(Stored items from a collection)
---+---

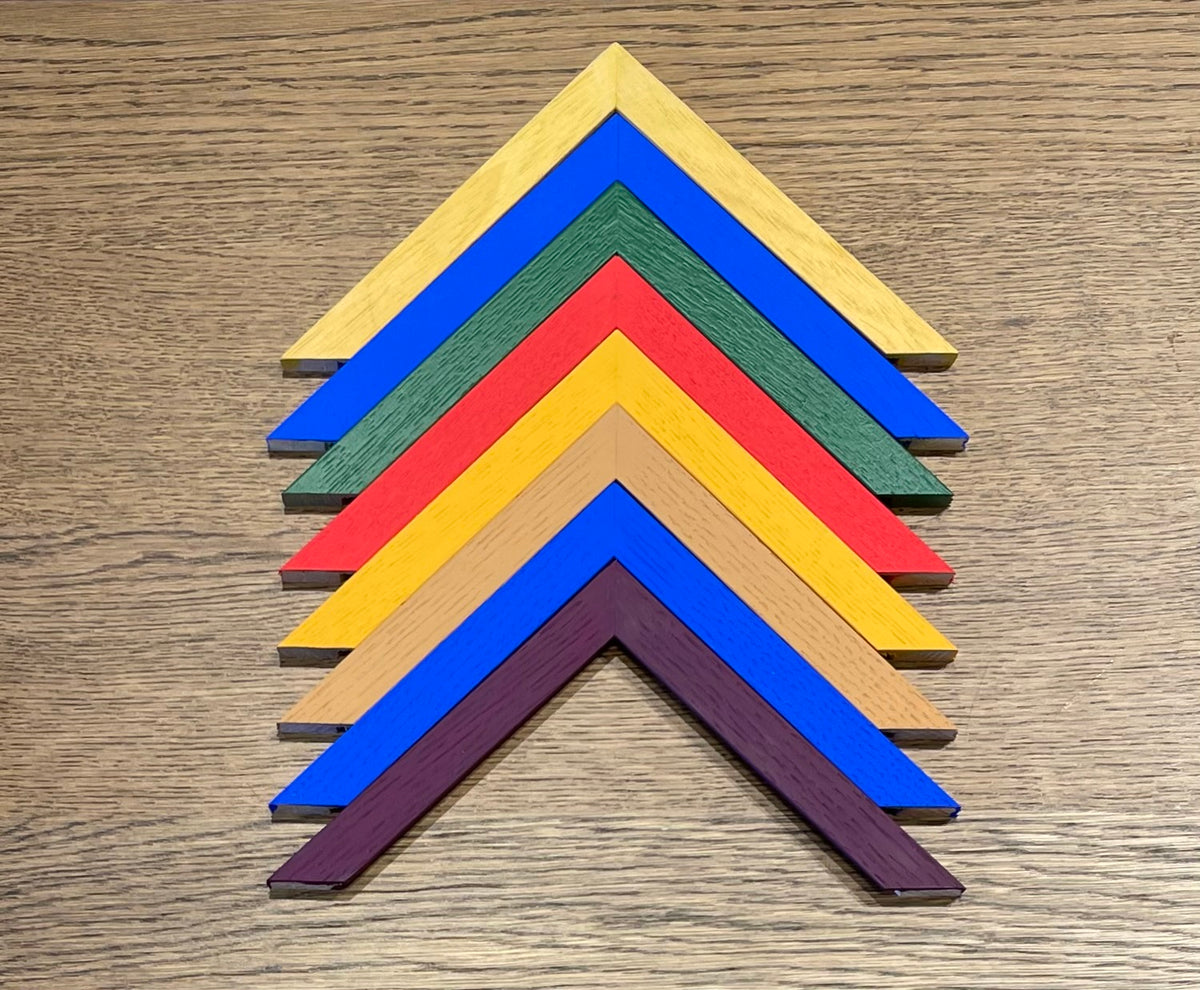Set of colorful wooden arrow-shaped blocks on a wooden surface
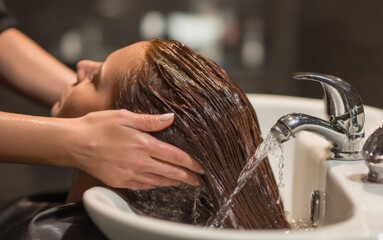 Hair washing session at a salon with a stylist using warm water and gentle techniques on a client's long hair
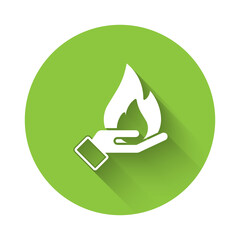 White Hand holding a fire icon isolated with long shadow. Insurance concept. Security, safety, protection, protect concept. Green circle button. Vector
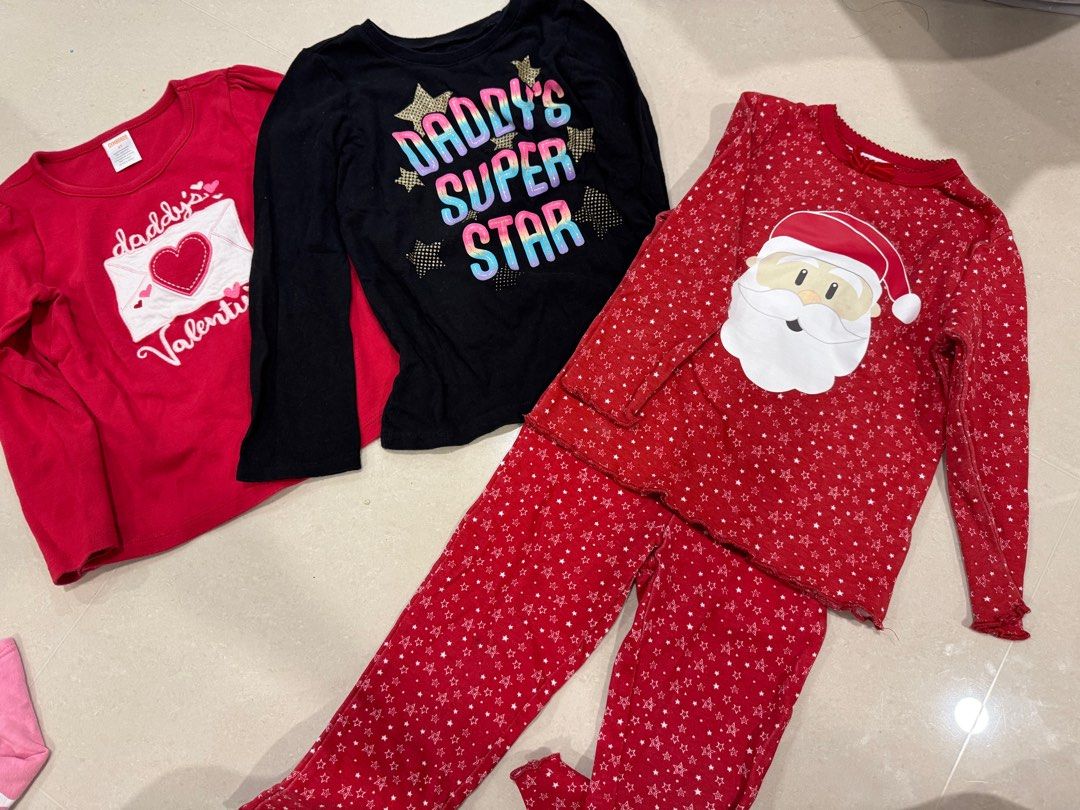 Girls' Pajama and Shirt Bundle (4-5y) (Category: Babies & Kids Fashion) located in Singapore. Submitted by joyceux (Listing ID 1377699255, Image 1). Description: Bundle of girls' long-sleeved shirts and pajama set. Includes a red Valentine's Day shirt, a black "Daddy's Super Star" shirt, and a red Christmas pajama set with a Santa Claus design. All items are in good condition. $6 postage included.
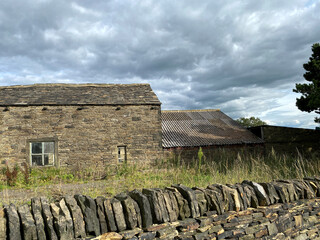 Deserted farm buildings, near a dry stone wall, with heavy rain clouds above in, Bradford,...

---+---

What is required: Starting at the line that contains "White Hand holding", write out every line through the final line of the entries, word for word; skip any pictures.

Task response:
 White Hand holding a fire icon isolated with long shadow. Insurance concept. Security, safety, protection, protect concept. Green circle button. Vector
 Girls' Pajama and Shirt Bundle (4-5y) (Category: Babies & Kids Fashion) located in Singapore. Submitted by joyceux (Listing ID 1377699255, Image 1). Description: Bundle of girls' long-sleeved shirts and pajama set. Includes a red Valentine's Day shirt, a black "Daddy's Super Star" shirt, and a red Christmas pajama set with a Santa Claus design. All items are in good condition. $6 postage included.
 Deserted farm buildings, near a dry stone wall, with heavy rain clouds above in, Bradford,...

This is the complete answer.